Exercise objective: Although the data below contains pictures, output only the lines between those holding "Knitted tights with" and "Eight-Light Painted Italian", inclusive, exactly and without those pictures.

Records:
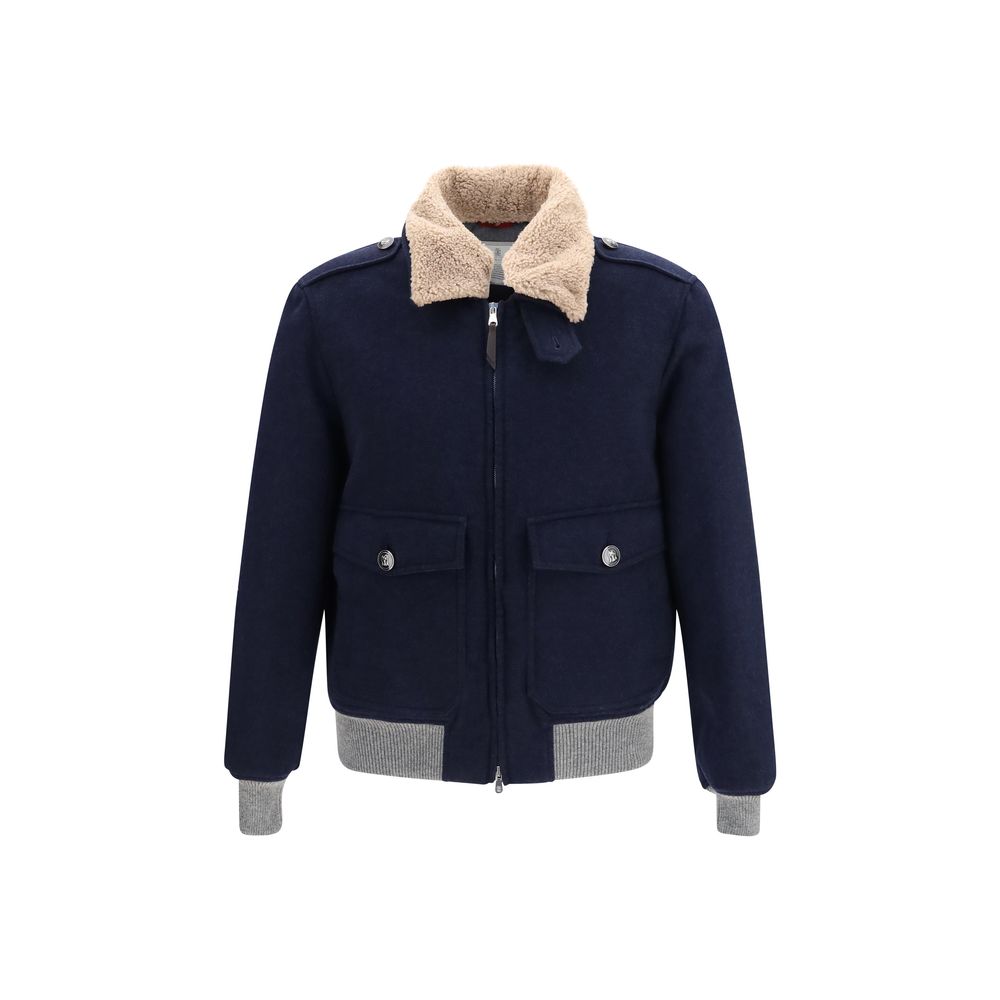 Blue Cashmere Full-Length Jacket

==

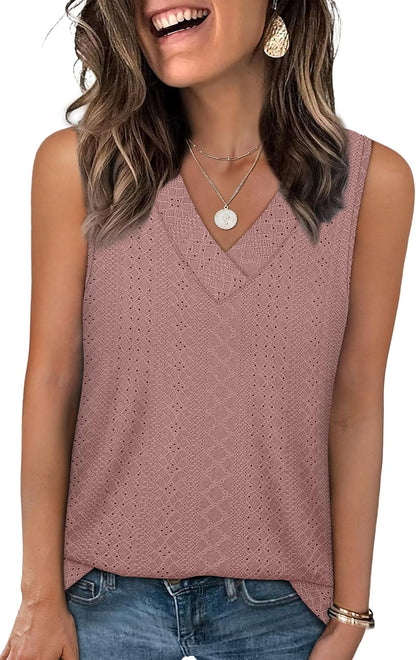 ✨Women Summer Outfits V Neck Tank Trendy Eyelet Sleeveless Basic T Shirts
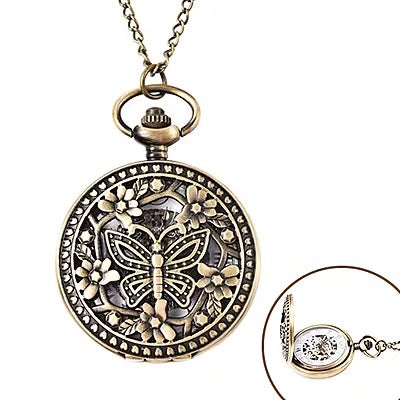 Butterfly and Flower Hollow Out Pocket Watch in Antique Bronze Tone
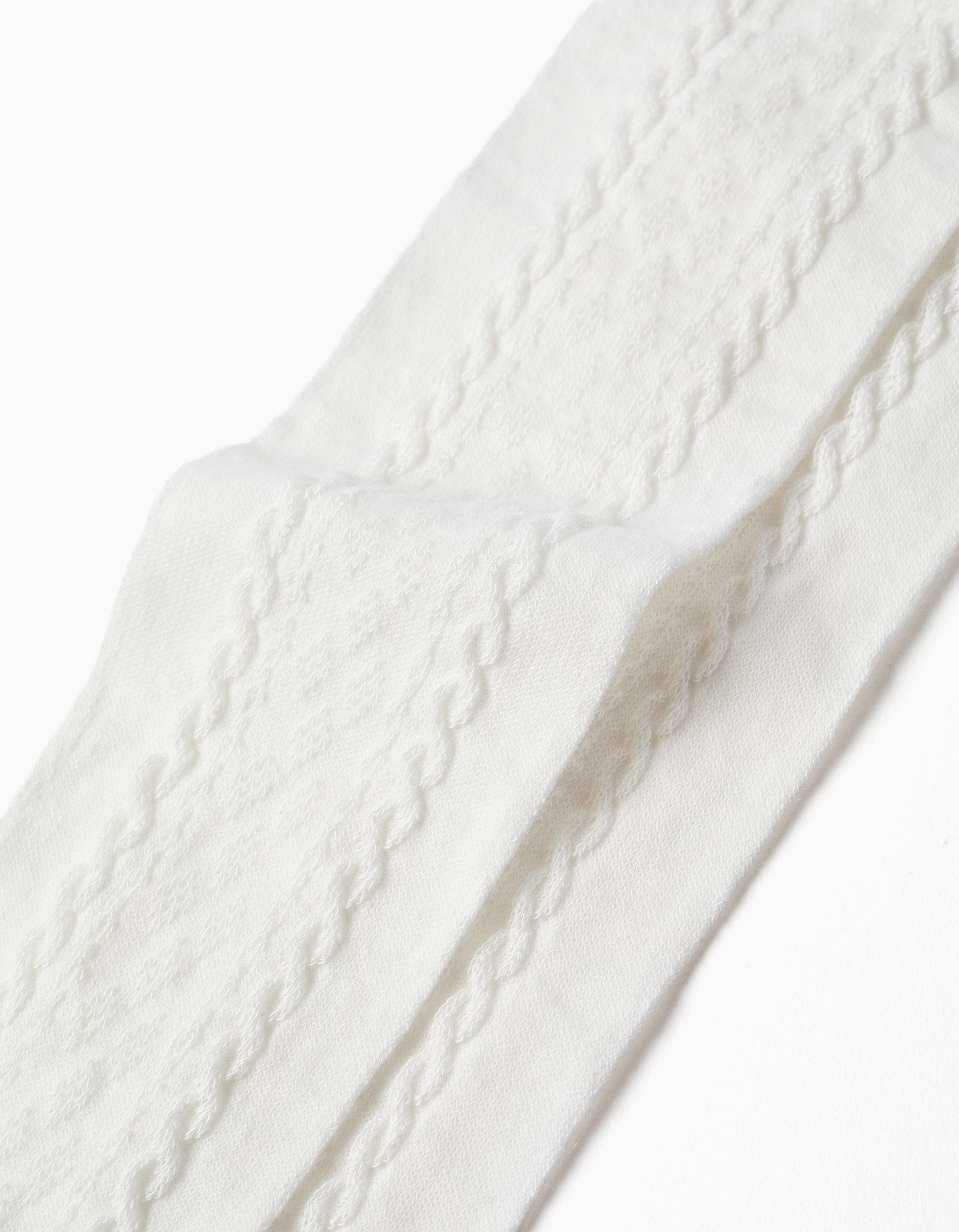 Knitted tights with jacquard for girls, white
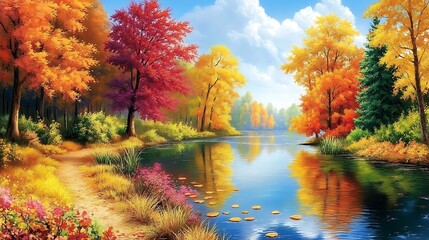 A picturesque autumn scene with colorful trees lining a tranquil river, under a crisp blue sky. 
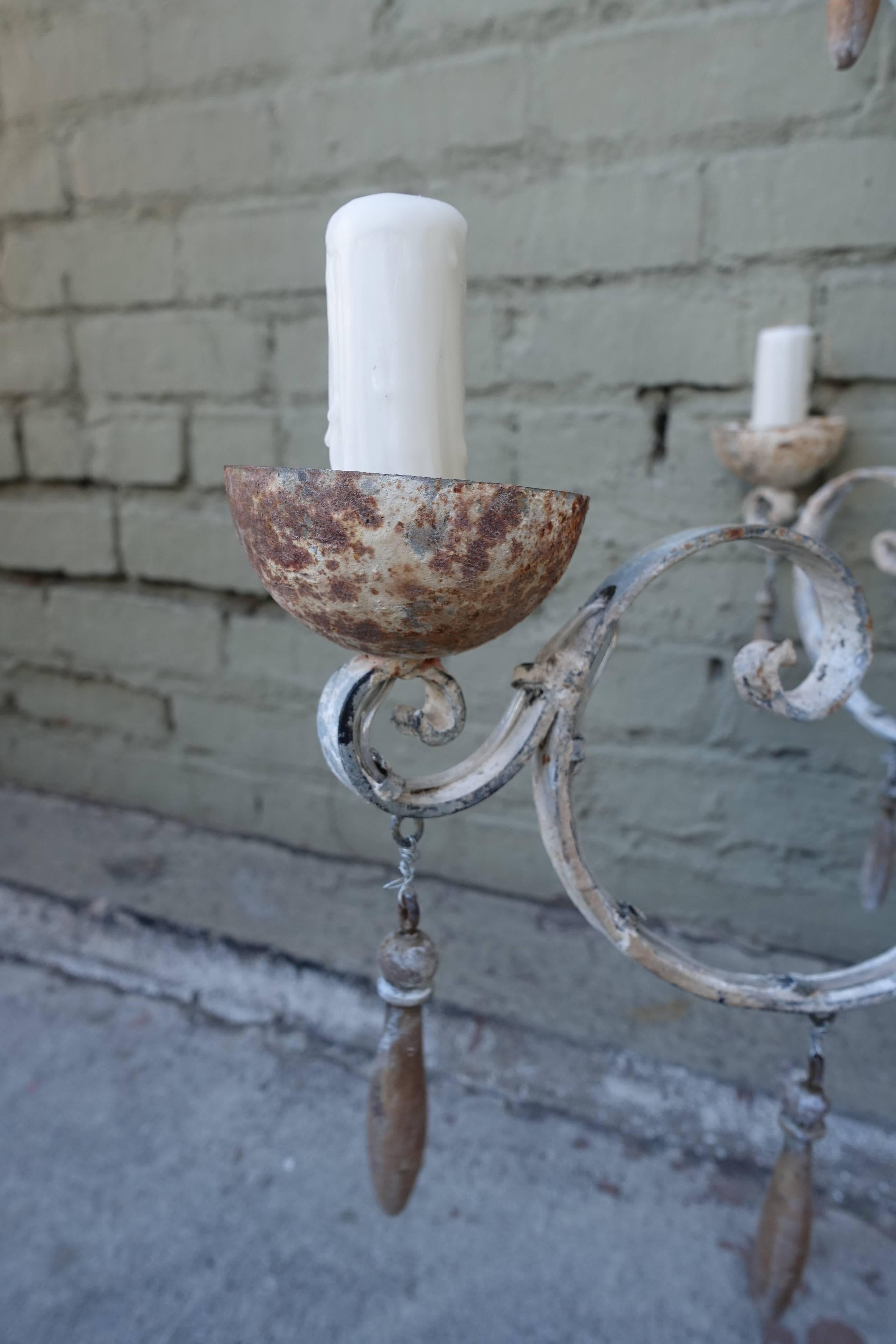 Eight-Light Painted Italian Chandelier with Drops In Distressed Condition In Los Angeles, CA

--

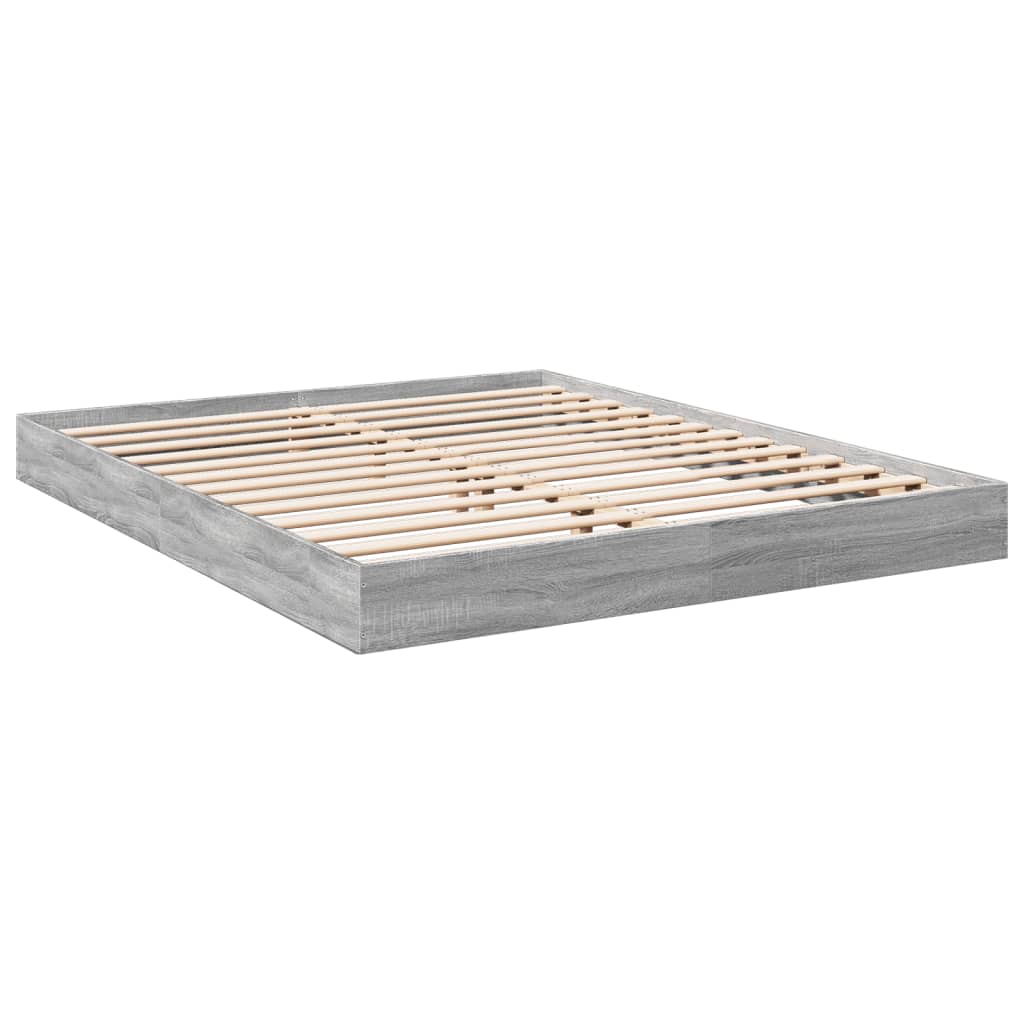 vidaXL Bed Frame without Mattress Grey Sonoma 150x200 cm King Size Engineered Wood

Solution to this task:
 Knitted tights with jacquard for girls, white
 A picturesque autumn scene with colorful trees lining a tranquil river, under a crisp blue sky. 
 Eight-Light Painted Italian Chandelier with Drops In Distressed Condition In Los Angeles, CA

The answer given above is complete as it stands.